街道沿いにある町で、セイフォードへ行く場合、この町で宿泊することが多い。その為、宿も多くある。

「はいっ、到着です! この宿に二部屋取っています。適当に使ってください。転移のポイントは忘れずに、作成しておいてくださいね!」

リビーの気分は高揚したままだ。

「魔獣が出現するとのことですが、この辺りでもいるのですか?」

僕は早速、リビーに質問した。セイフォードに出た魔獣と同じような魔獣が出れば、かなり被害が出てしまう。

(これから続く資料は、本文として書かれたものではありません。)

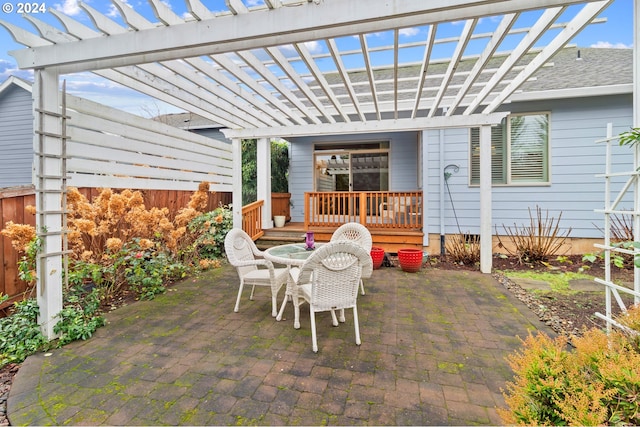 view of patio / terrace featuring a pergola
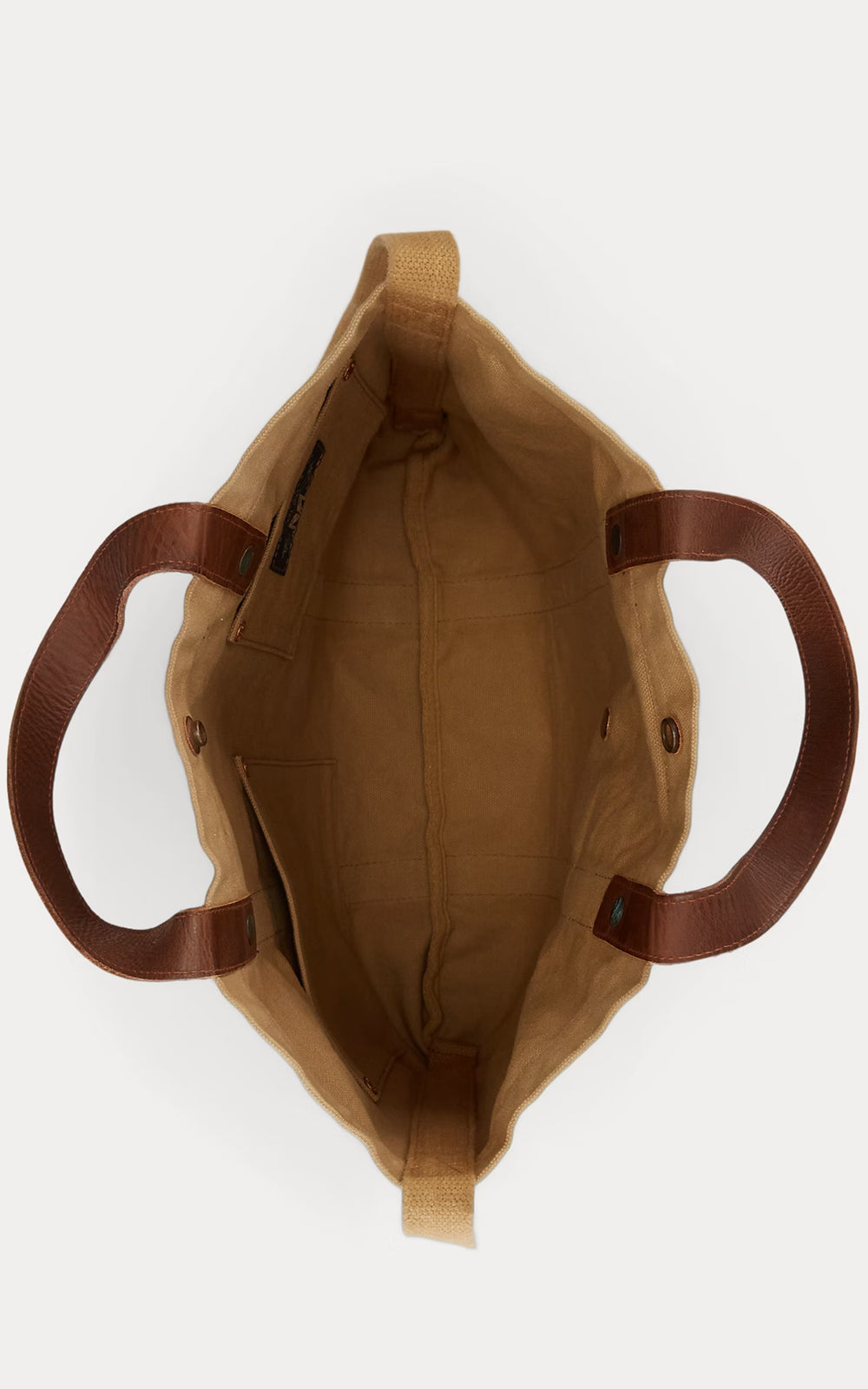 RRL Leather-Trim Canvas Tote Khaki/Brown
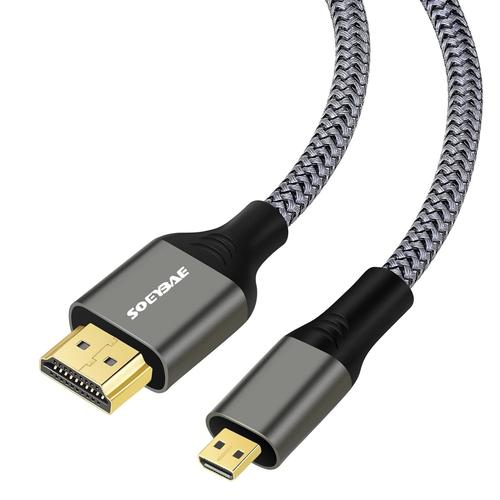Câble Micro HDMI vers HDMI 1M, 4K 60Hz Nylon tressé Câble HDMI A vers Micro HDMI D, Supporte 3D Ethernet ARC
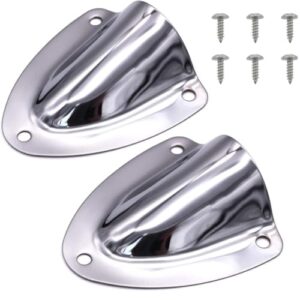 Zwei Edelstahl Marine Entlüftungsabdeckungen mit Schrauben in glänzender Ausführung, ideal für Boote und Yachten, zur Abdeckung von Kabeln und Schläuchen.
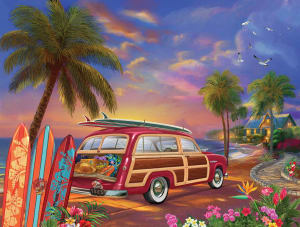 Surfer Sunset Beach & Ocean By SunsOut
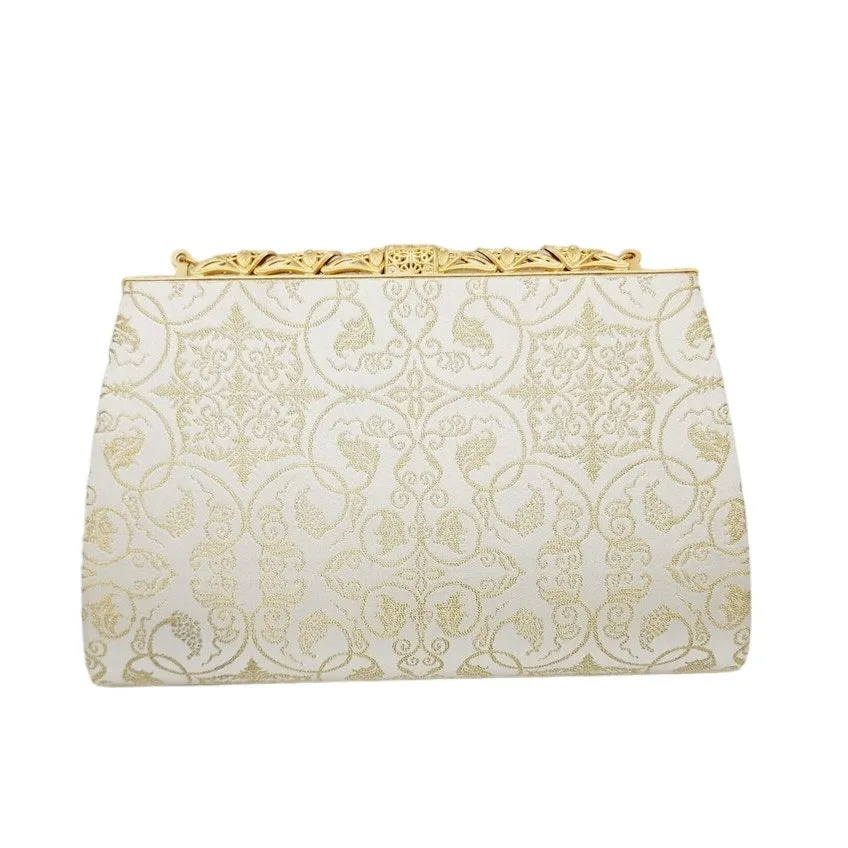 Vintage 50s Evening Bag Cream Silk Gold Baroque Print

セイフォードの時、かなり苦労したことが思い出される。

前とは違い、闇魔法は使えるが、街中で使うのは躊躇われる。

「勿論ですよっ! 私も何匹か、この周辺で魔獣を狩ったのですけど、困ったものです。出現は不自然ですし。元々、魔獣は作り出されたものですが。あぁ、間違いなく、人間以外が関わってます。本当に、困ったものですね」

色々と引っかかることをリビーが口にする。

「魔獣が作り出された? 誰かが意図的に作ったということ?」

イネスが僅かに険しい表情でリビーに詰め寄る。

「そうですよっ! 魔獣は自然にはいません。魔王国には魔獣なんていませんから!」

生き生きとうれしそうに返答がある。

「このゼールス領にいた魔獣は、俺達が知る魔獣とは違っている。明らかに強くなっている。原因はわかっているのか?」

次は、グレンがリビーに詰め寄る。

「それは……残念ながら、調査中ですね。どこで作られているのかも」

「それに、人間以外の種族が関わっているんだな?」

「人間には使えない魔法が使われていますからね。しかも、おそらく、上位種か最上位種ですね。手強いですよー。といっても、私も最上位種なんですけどね」

「わかった。俺達は街で情報を集める。シンリー村へは明日、向かうつもりだ」

「私も街に用があります。しばらく、ご一緒しましょうっ!」

リビーと共に、宿を出て、通りを行く。

「ありゃ~。また、魔獣が出たそうですよ。大変ですね」

リビーが急に声を上げる。

周りを見回すが、特に変わりはない。魔獣の姿は見えない。

「私は皆さんより耳がいいんですよ。この町のすぐ近くで商人が襲われたらしいです。もしかすると、その魔獣がこの町に来るかもしれないそうですよ」

「それは、大変じゃないですか!!」

ミアが慌てたように言う。

「はい、大変です! では、さくっと倒しに行きましょうか!」

リビーの声と共に、僕達は町の外へと急いだ。